New Android trojan records phone calls, shares with remote server

We have been recently blogging about many Android malware as the threat landscape has been witnessing an increasing trend in targeting the mobile platforms and today we have received an Android package to our collection and observed that this piece of malware walks an additional mile by having a neat configuration and has a capability to record the telephonic conversation the infected victim makes. In one of our earlier blogs, we have demonstrated how a Trojan logs all the details of incoming/outgoing calls and call duration in a text file. This Trojan is more advanced as it records the conversation itself in “amr” format. Also it has got many other malicious activities that we have seen in many of the earlier malware incidents targeted for Android platform.

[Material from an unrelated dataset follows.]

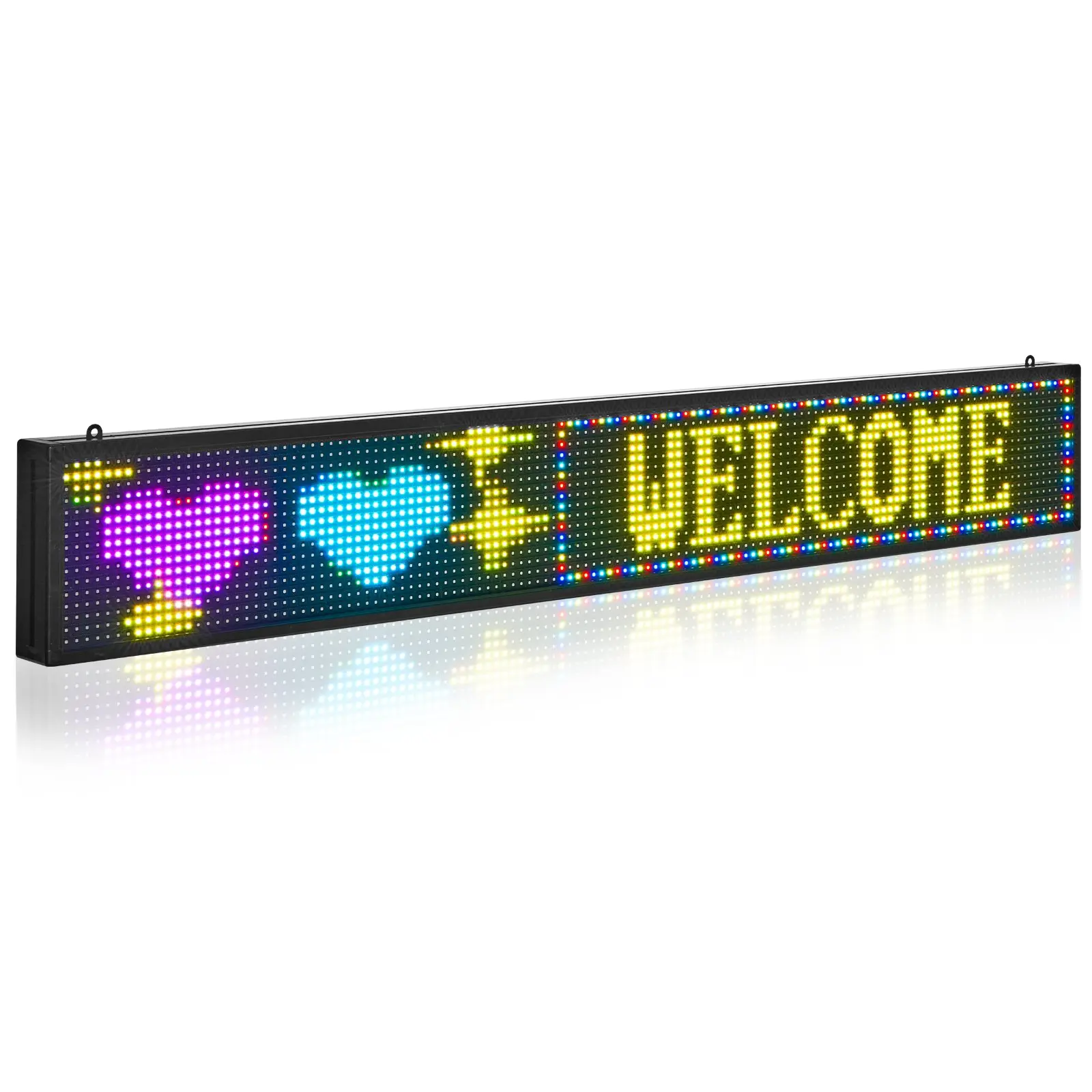 VEVOR P10 Model Programmable Full-Color Flexible LED Sign, Digital Scrolling Panel with DIY Custom Text, Pattern & GIF Display, Bluetooth APP Control Shop Sign for Store Advertising, 52x8 in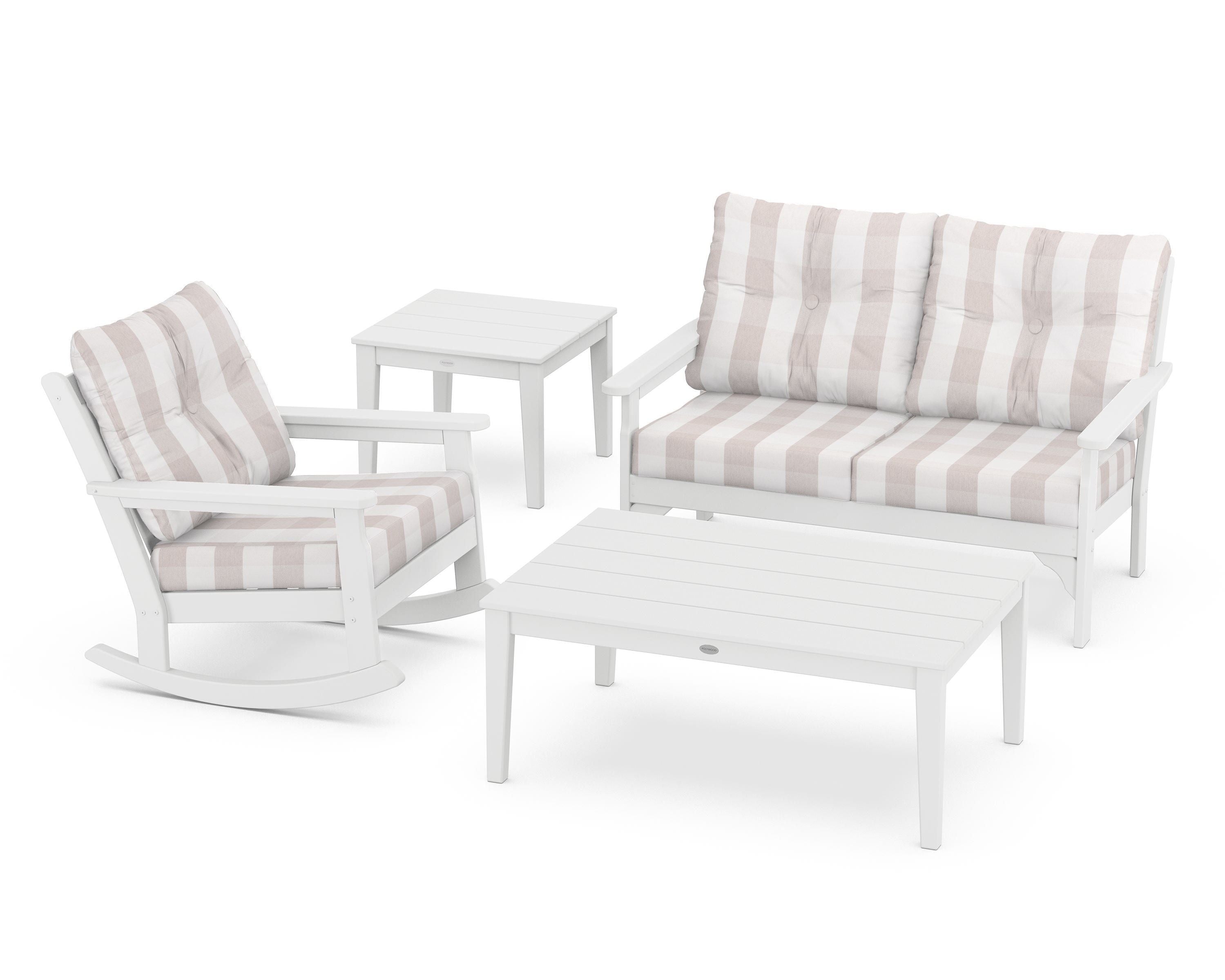 POLYWOOD® Vineyard 4-Piece Deep Seating Rocker Set in White / Buffalo Plaid Dune Burlap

Hence, in this blog, we will demonstrate this particular conversation recording payload of the malware.

Fig.1: Permissions needed by the “app”.

It is always recommended to have a logical decision making before allowing an app to have certain permissions.

Once the malware is installed in the victim device, it drops a “configuration” file that contains key information about the remote server and the parameters. Fig.2 shows the contents of this file.

Fig.2: The config information

To see the payload in action, the Trojan is installed in a controlled environment with two mobile emulators running along with simulated internet services.

Fig.3: Making a phone call from the victim device to trigger the payload.

As the converstation goes on, the Trojan stores the recorded call in a directory shangzhou/callrecord in the SDCard. Fig.4 is the snapshot of the directory structure in SDCard.

Fig.4: the recorded file in amr file format.

As it is already widely acknowledged that this year is the year of mobile malware, we advice the smartphone users to be more logical and exercise the basic security principles while surfing and installing any applications.